The VP debate was almost as thrilling! Unbeknownst to each other, Palin and Biden both felt like they needed to take the edge off beforehand, so they both took massive doses of Ecstasy, hoping to come across as less "angry" on-camera. The result was 90 minutes of the two candidates taking turns rapturously sucking on each other's toes. It was completely horrifying ... and strangely arousing. The two parties' national committees spent the next several days spinning Palin and Biden's foot-fellating prowess.

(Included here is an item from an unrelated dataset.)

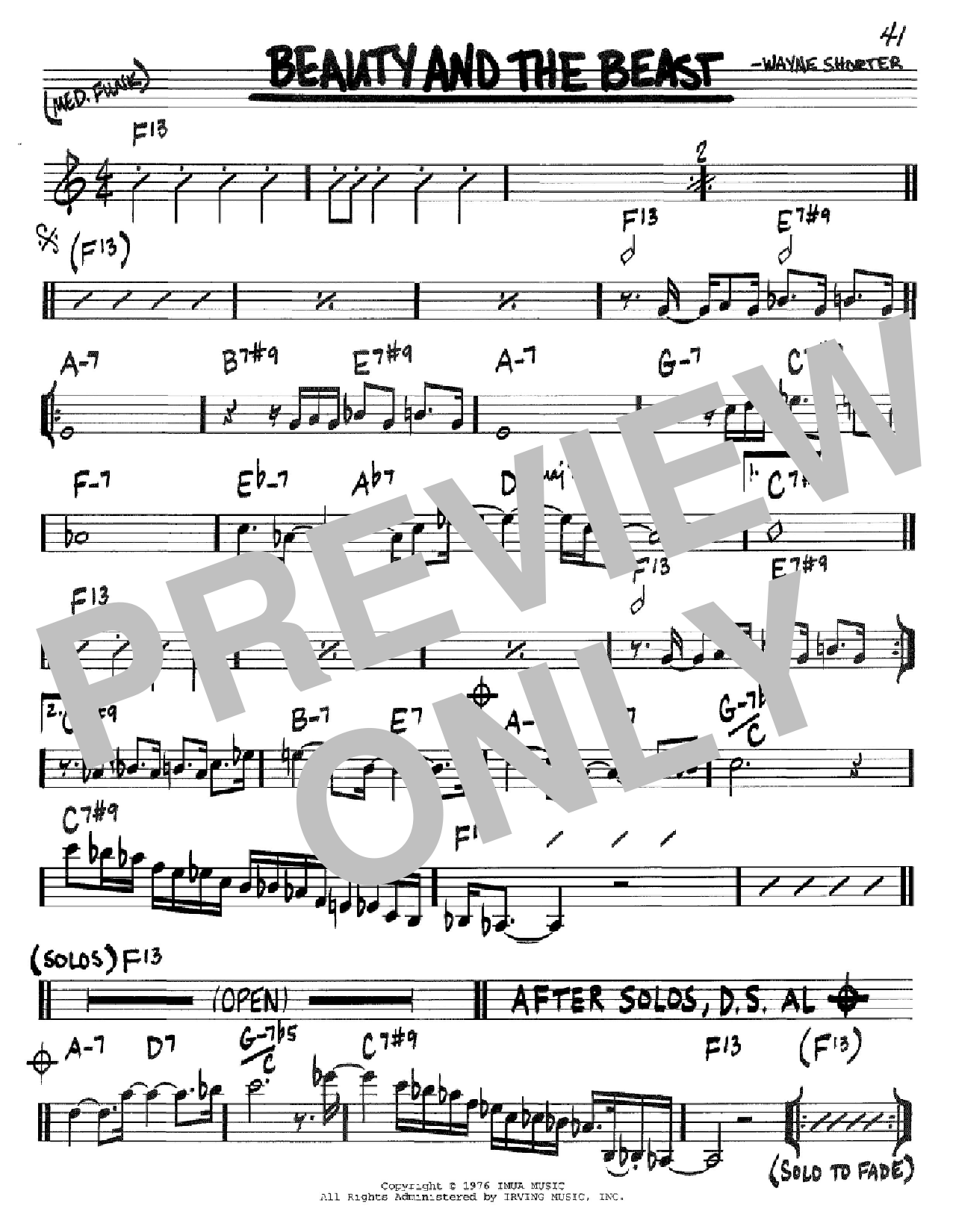 Wayne Shorter Beauty And The Beast sheet music notes and chords arranged for Soprano Sax Transcription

But presidential candidates aren't the only ones out of their gourd on various substances! For instance, it's a well-known secret around Washington that House Financial Services Committee Chairman Barney Frank, after a hard day of saving the economy, likes to get hepped up on whippits, then wander around his creepy castle dressed like a gay vampire, harassing unsuspecting ordinary Americans who might wander by.

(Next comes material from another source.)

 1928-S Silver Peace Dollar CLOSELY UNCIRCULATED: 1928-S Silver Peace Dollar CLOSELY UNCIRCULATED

Meanwhile, in the aftermath of the VP debate, Joe Biden, acclimated to the effects of Ecstasy from his nine years on the West Coast rave circuit, was able to shrug off the drug's effects and go back to the campaign. The more innocent Palin was not so lucky. Here we see her on day six, dressed as a traditional Alaskan Snow-Furry, wandering cheerfully towards her furry friends. They're terrified of her enormous rifle, of course. Silly furries, that's just how they do it in Alaska! With guns!
With all the "cool kids" doing it, you might now be thinking, "Hey! Maybe I should be on drugs." But this cartoon is proof that you should leave that stuff to the professionals. After all, you might think that looking at John McCain is bad, but if you do mescaline, you'll see his severed, Elephant Man-like head popping out of boxes pretty much everywhere. Is that what you want? Of course not! That's why the key is just to stick with good, old-fashioned booze.